Myślałem, że w tym filmie po prostu zaprezentuje się obecny stan wiedzy, a tymczasem jest to zbiór rozmaitych fantazji z rzadka tylko przeplatanych faktami. Jacyś pokątni "bibliści", pożal się Boże, duby smalone bredzą. Do tego jeszcze dołożyła się polska tłumaczka, która np. nie odróżnia "gematrii" od "geometrii" i myśli, że w Nowym Testamencie jest 27 ewangelii. Ani to mądre, ani nawet zabawne. Zainteresowanym radzę, by po prostu poczytali ewangelie apokryficzne, teksty z soboru w Nicei, to, co pisał Leonardo da Vinci itp. Nie dawajcie się nabrać cwaniaczkom, którzy oczywiście "oficjalny kościół" zawsze chętnie oskarżą o fałszerstwa, chciwość itp., a sami mieszając ludziom w głowach trzepią kaskę aż (im) miło!
Po pierwsze nie jest to wątek o książce Browna ani o filmie według książki Browna.

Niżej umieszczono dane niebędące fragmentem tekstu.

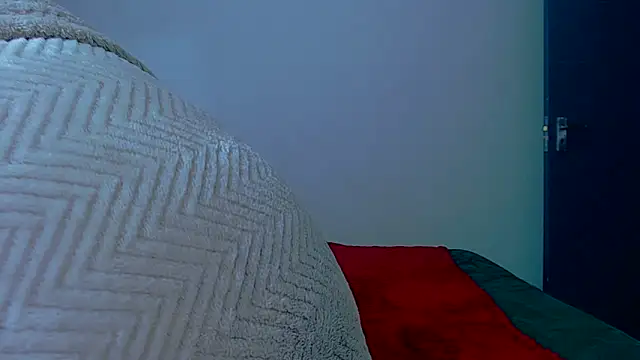 Curvy-Lisa online show from October 4, 2025, 4:16 pm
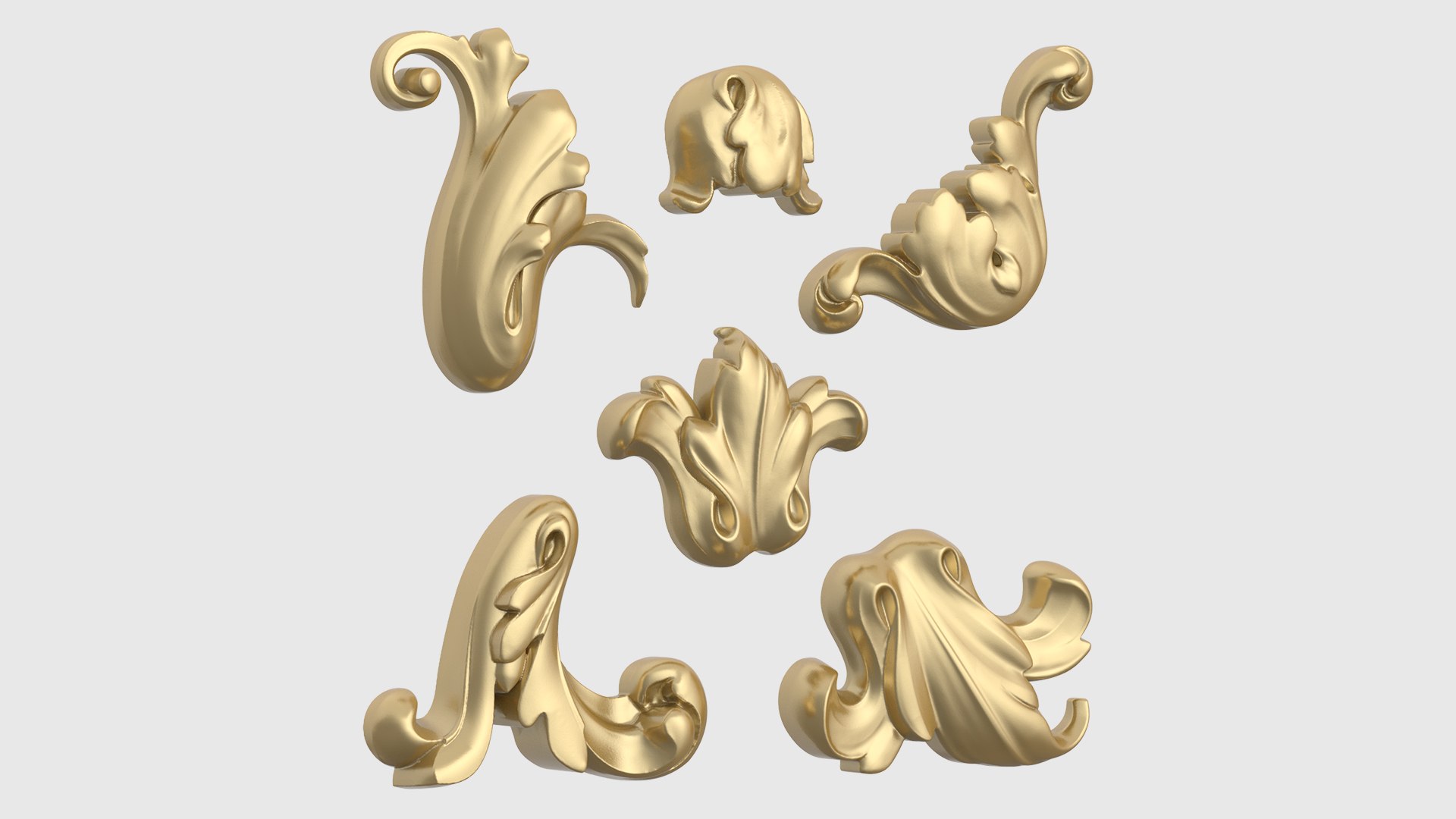 3D Garland Acanthus Leaf Set https://p.turbosquid.com/ts-thumb/rx/gKy5h9/ks/2/jpg/1641852979/1920x1080/fit_q87/604ca6145f1fce177752337d1738eb09c879659b/2.jpg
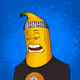 1492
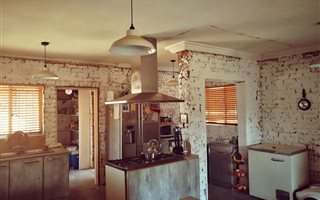 3 Bedroom House in Pierre van Ryneveld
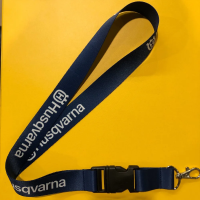 Motolike Лента для ключей Husqvarna в Сочи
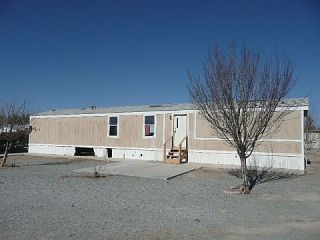 Foreclosed Home - List 100229960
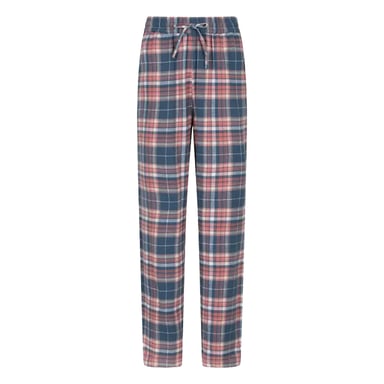 Mountain Warehouse - Loungehose für Damen (Marine)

Po drugie, książka Browna nie jest w tym względzie "czystą fikcją". Jest tam wprost mowa o Kościele katolickim i jego historii oraz doktrynie, a nie na przykład o "sekcie pampilianów wierzących w wielkiego Bebo". Jest ona dokładnie w takim sensie oskarżeniem Kościoła, w jakim "Komu bije dzwon" Hemingwaya jest pochwałą jednej ze stron w wojnie domowej w Hiszpanii. I strona ta bardzo dobrze o tym wiedziała wydając tę powieść w masowych nakładach.